YOUR GOAL: Restate word for word the entries below, starting with the line with "Orvieto - Fondazione" and continuing through the line with "Apartment Cherie Trogir Bagian luar foto". Include both of those lines and no others.

INFORMATION:
- - - -

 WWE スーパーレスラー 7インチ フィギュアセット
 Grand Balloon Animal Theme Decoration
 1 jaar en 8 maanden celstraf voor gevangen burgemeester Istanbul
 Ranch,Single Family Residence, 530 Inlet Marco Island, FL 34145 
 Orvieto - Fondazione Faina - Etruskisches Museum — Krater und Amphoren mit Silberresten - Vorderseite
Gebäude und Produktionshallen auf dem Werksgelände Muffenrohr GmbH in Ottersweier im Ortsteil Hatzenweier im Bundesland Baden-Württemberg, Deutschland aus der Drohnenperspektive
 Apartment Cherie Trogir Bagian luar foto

- - - -

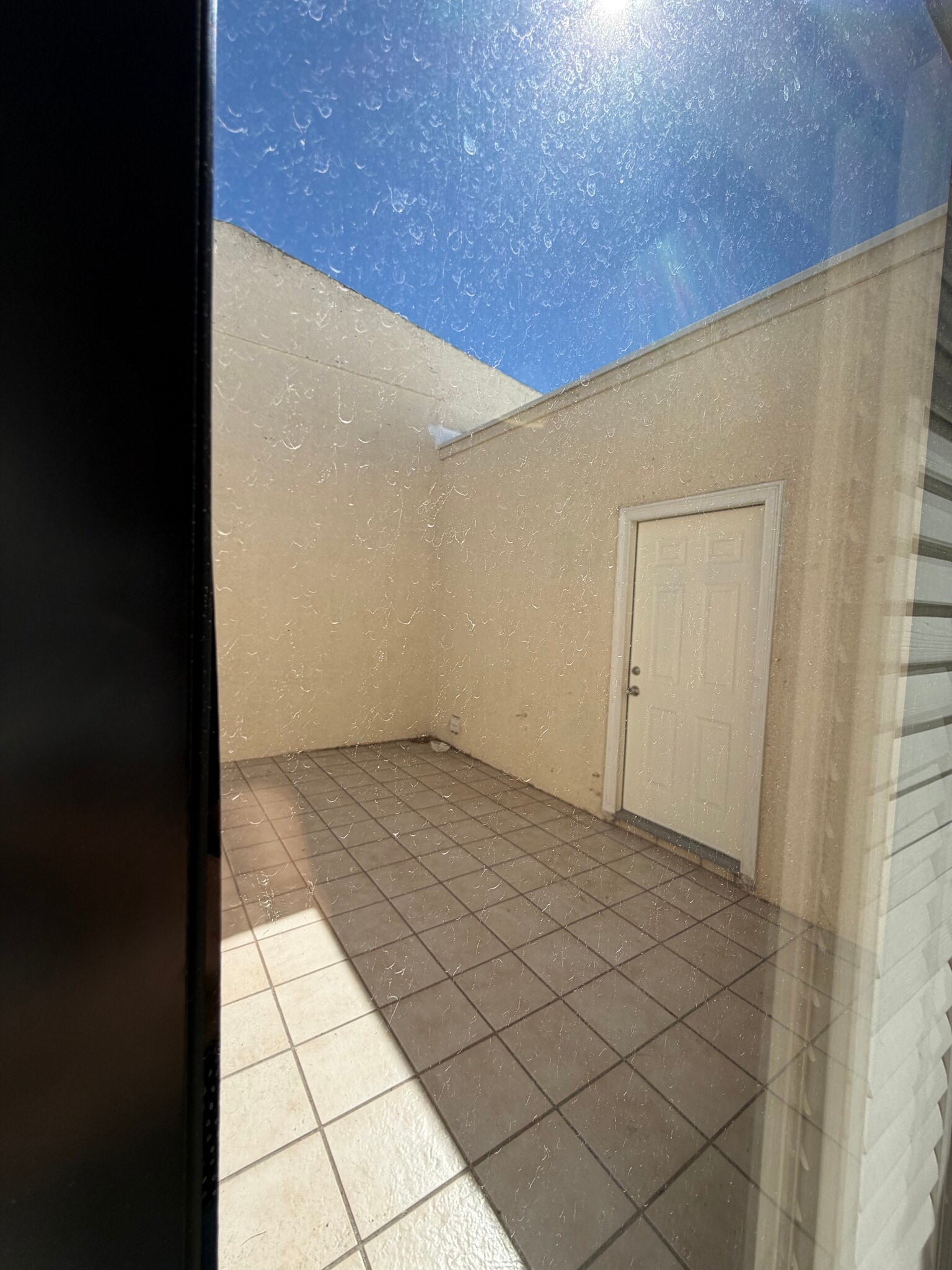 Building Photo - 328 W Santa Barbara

- - - -

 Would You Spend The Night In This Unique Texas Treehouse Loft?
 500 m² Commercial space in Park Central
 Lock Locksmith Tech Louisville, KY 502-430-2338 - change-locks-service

- - - -

FINISHED EXERCISE:
 Orvieto - Fondazione Faina - Etruskisches Museum — Krater und Amphoren mit Silberresten - Vorderseite
Gebäude und Produktionshallen auf dem Werksgelände Muffenrohr GmbH in Ottersweier im Ortsteil Hatzenweier im Bundesland Baden-Württemberg, Deutschland aus der Drohnenperspektive
 Apartment Cherie Trogir Bagian luar foto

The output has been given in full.